The best of both worlds?


I'll sum up my experience with this:  cache however, and wherever you want.  In my opinion, it begins and ends with the cache owner.  Whether it's near a waterfall, or near a water park, it's up to the cache owner to use his/her creativity, and awareness of surroundings, to provide the "WOW" factor.  And while they're not my favorite type of cache, I'll hunt the urban hide from time to time, just because. 

I'll leave you with this thought:  Why do supermarkets put candy bars near the checkout aisles?  We like candy bars, and if they're within an arm's reach, we're more likely to grab one.  Why?  Because we like candy bars, and they made it easy to get our fix.

9 comments:

Dave DeBaeremaeker said...

My issue with 'urban hides' is the lack of creativity. A lot of caches you know exactly where it is hidden by the description, or a satellite view. The only surprise is whether its a film can under that lamp skirt, or a bison tube, or god forbid an altoids can. The wow factor is simply missing.

I have seen a lot of amazing urban hides that were unique and creative. I have seen a lot of film cans under lamp skirts too. I would just encourage hiders to find somewhere else besides the lamp skirt or guard rail to hide that cache in the parking lots, and if you can't make the location more creative, at least make the container more creative.

You would be amazed at how much less I would care about this if hiders took 5 minutes to paint a happy face on their film canisters they hid under a lamp skirt, just to make it different. Give me something to remember your cache by. All I ask.

Kim@Snug Harbor said...

I'm not real crazy about the lamp skirt hides either, but they do serve a purpose. Like days when I don't have time to hike to a cache, so a lamp skirt will satisfy my need to get out of the house and just grab a few, just to be out. And power trails are good for days when I have an hour to kill, so we'll say "lets see how many we can grab here in an hour."
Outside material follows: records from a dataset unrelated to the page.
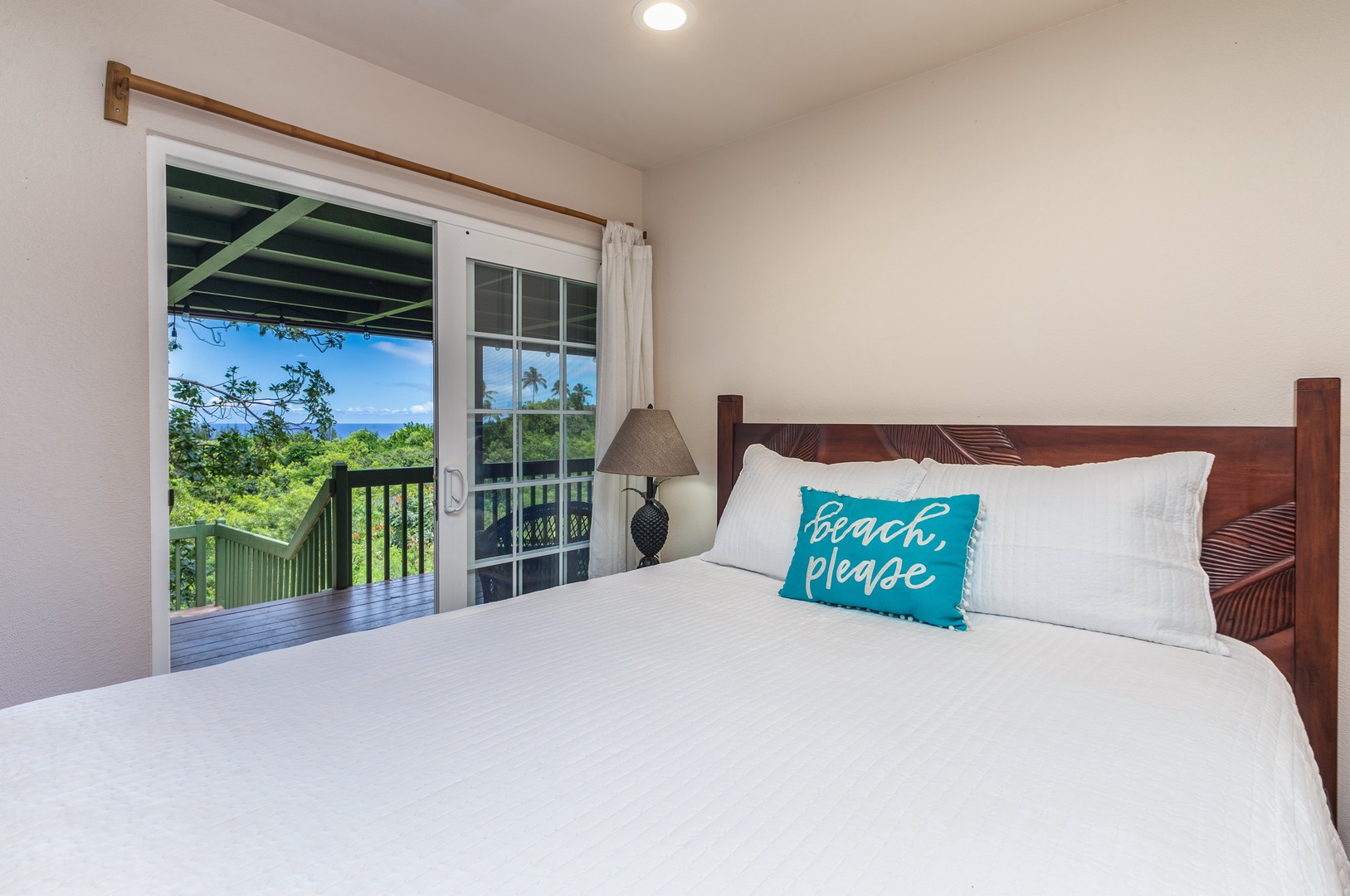Princeville Vacation Rentals, Hale Ohia - Guest Bedroom 2 also has direct access to the deck and gorgeous ocean views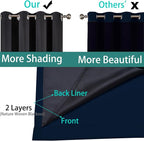 Yakamok Dark Blue 100% Blackout Curtains 96 Inches Long 52" Wide 2 Panels | - Image 6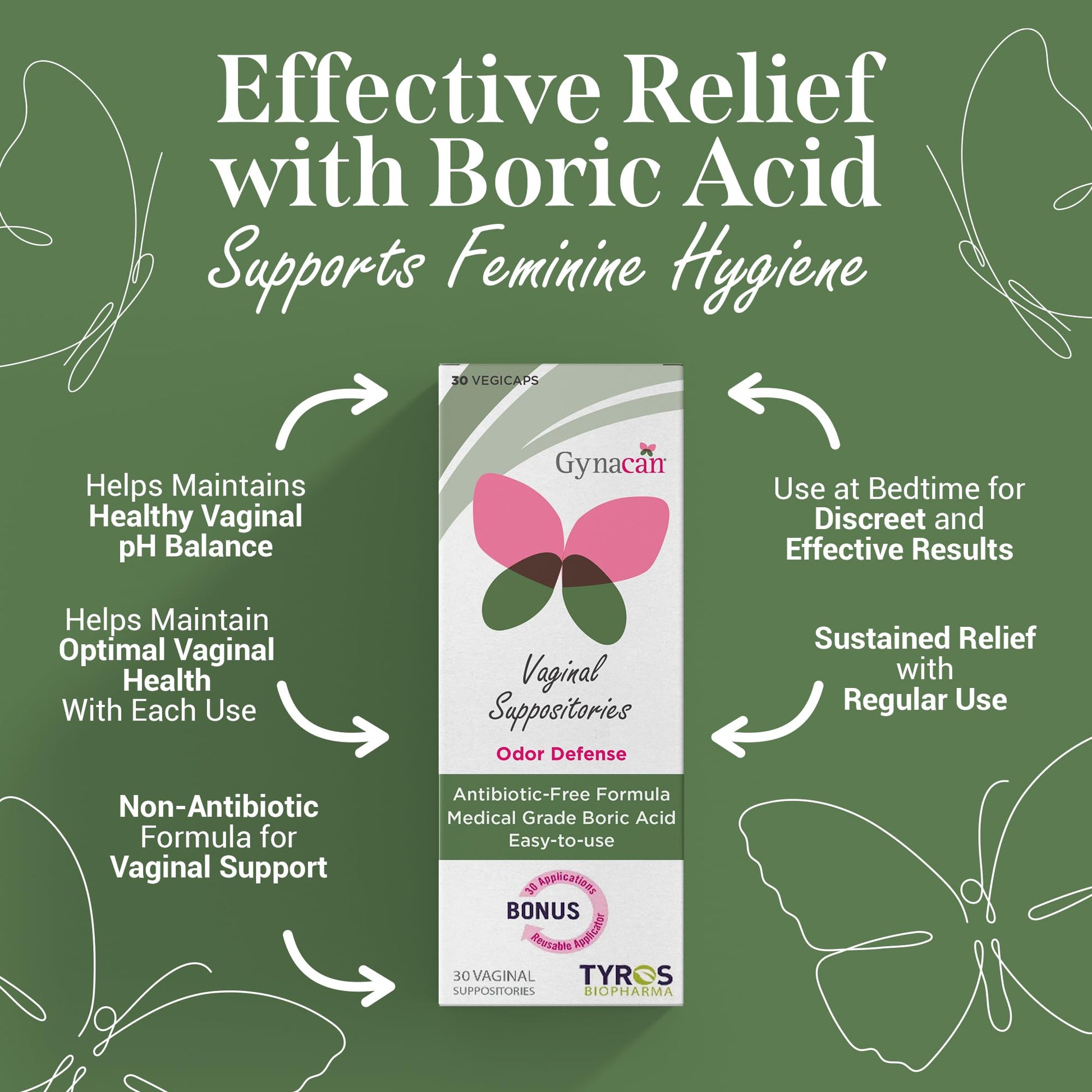Gynacan Boric Acid Suppositories for Women - pH Balance Vaginal Treatment for Women Odor Prevention, Pure Formula, No-Mess Applicator, Gentle & Effective GynacanBuy Supplements Australia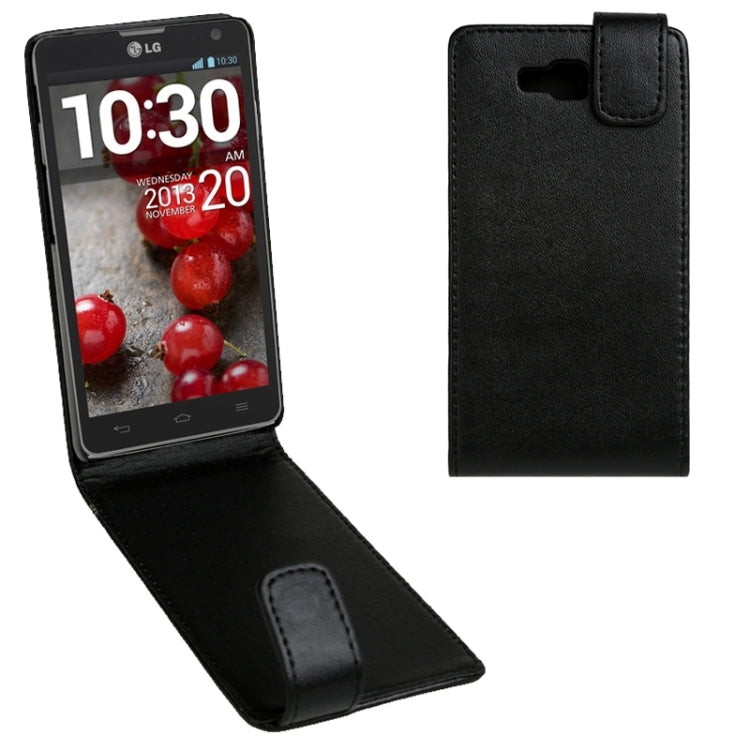 Vertical Flip Magnetic Snap Leather Case for LG Optimus L9II / D605(Black)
Dave is right, its always more fun to find a different sort of container tucked underneath that lamp skirt!

Ron / Kathie Groll said...

Amen to everything you said. One of the cutest lampskirt finds was a mustache shaped tin placed in honor of a local cacher. Finders had lots of fun taking their picture with it and posting. Yes, it was only a lampskirt but a fun one that made people want to find it.

My days of long hikes in the woods are over so once in a while an easy lampskirt is perfect

Heather Cook (Lady-Magpie) said...

A good example for me was yesterday when I arrived at a hospital to visit my Sister after quite a reasonable drive, only to find out I had the wrong visiting time. So what could I do but go geocaching in a very big town for an hour, no GPS or paperwork just good old memory of the map and clues. Thank you Cheltenham geocachers for putting some urban nanos out for me. Still hate the little bugs though!!!

BLOODHOUNDED said...

I have been known to lift a skirt or two here and there so I am not exempt from the urban caches however, I'm with Dave, most lack creativity. I would just rather be in the woods but that's me.
Great article though in defense of the much debated subject.

Dodger said...

Getting your fix? That makes hiders of these caches "pushers" and supporters of these caches "enablers". Anybody that obsessed with find counts to make a habit of these needs re-hab.

BigAl said...

I don't mind an occasional LPC, but what gets my goat is the bison tube in the middle of the woods where a perfectly good large cache could be. But then, that's just me. Great post.

smithie23 said...

Dan, can you imagine someone hanging out in a cold, dark alley. You walk down said dark alley when the person grabs your attention. "Pssst. You. Yes, you! Hey, where can I find a cache around here?"

BLOODHOUNDED said...

"There's this awesome micro under that lamp skirt dude", says the enabler ( aka you). "Oh man, not a lamp skirt, don't ya have anything stronger" asks the dark alley lurker. "Well I do know of this ammo can, but its three miles that way". "Forget it, where's the micro man" Is more like it.